A reação raivosa de Luxemburgo e cia com a onda de técnicos estrangeiros faz sentido?
Nem todos os treinadores antigos brasileiros receberam Carlo Ancelotti na Seleção com bons olhos

Semana passada, a CBF fez questão de demonstrar apoio para o seu novo técnico. Na apresentação de Carlo Ancelotti, Felipão estava no palco e Parreira apareceu em um vídeo fraternal exibido em um telão.

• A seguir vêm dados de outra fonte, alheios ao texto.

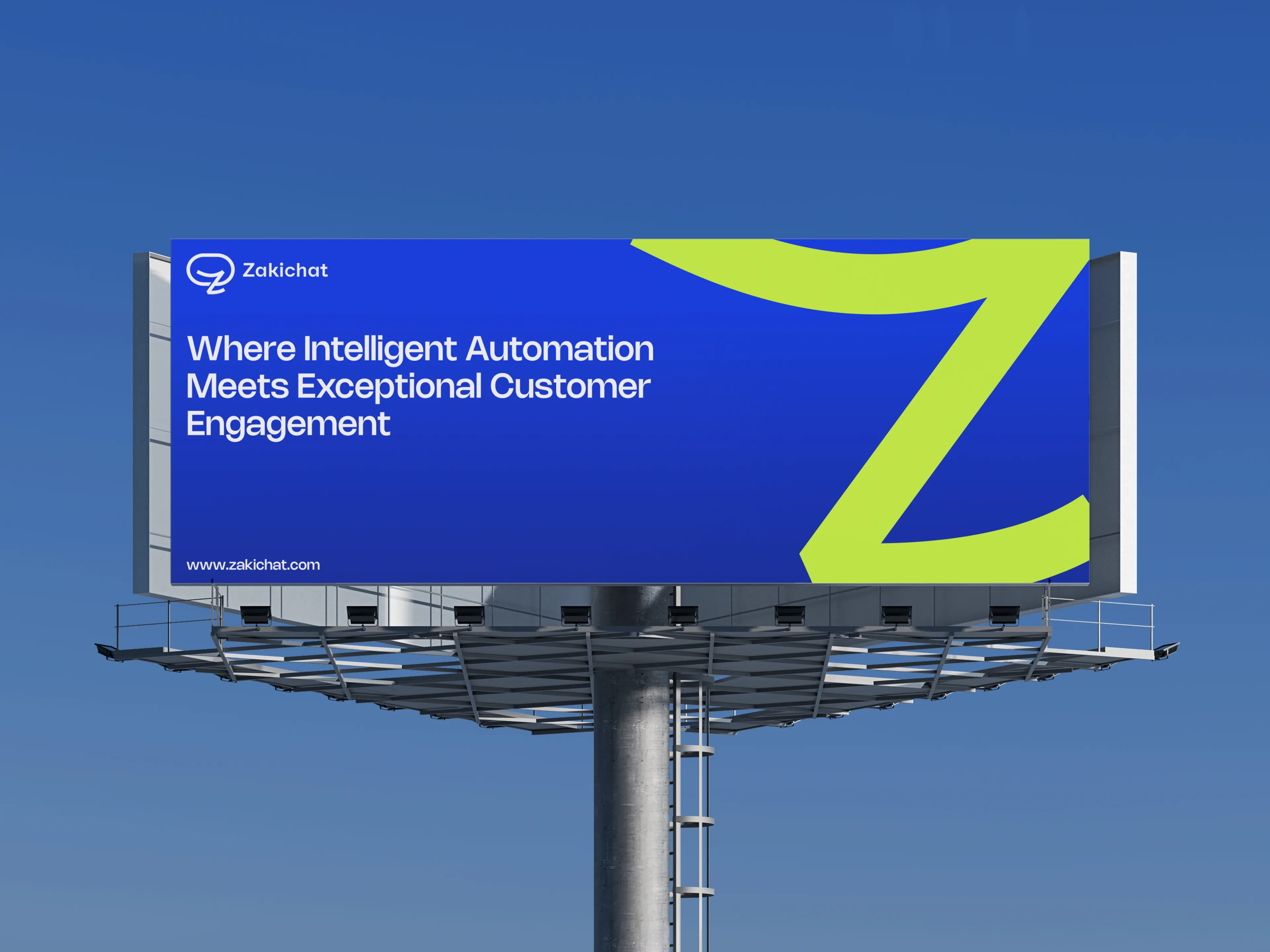 A single-pole highway billboard against a clear blue sky carrying a royal-blue Zakichat creative with the lockup, the headline Where Intelligent Automation Meets Exceptional Customer Engagement, the www.zakichat.com url and an oversized fluorescent-yellow Z bleeding off the right edge.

Mas a gente sabe que nem todos os técnicos brasileiros pensam igual. O Vanderlei Luxemburgo está liderando a reação raivosa da velha guarda. Não tem nada contra o Ancelotti, frisou na televisão. Mas “os técnicos no Brasil passaram a não prestar? Aqui, nós somos cachorros vira-latas. E a grande verdade. Nós aqui não prestamos, e o de fora vem aqui e presta muito mais.”
Concordo com o Luxa que, historicamente, os técnicos brasileiros têm sido subvalorizados. Com o Brasil, o crédito sempre vai para a genialidade dos jogadores e a culpa para a burrice de quem os comanda. É injusto.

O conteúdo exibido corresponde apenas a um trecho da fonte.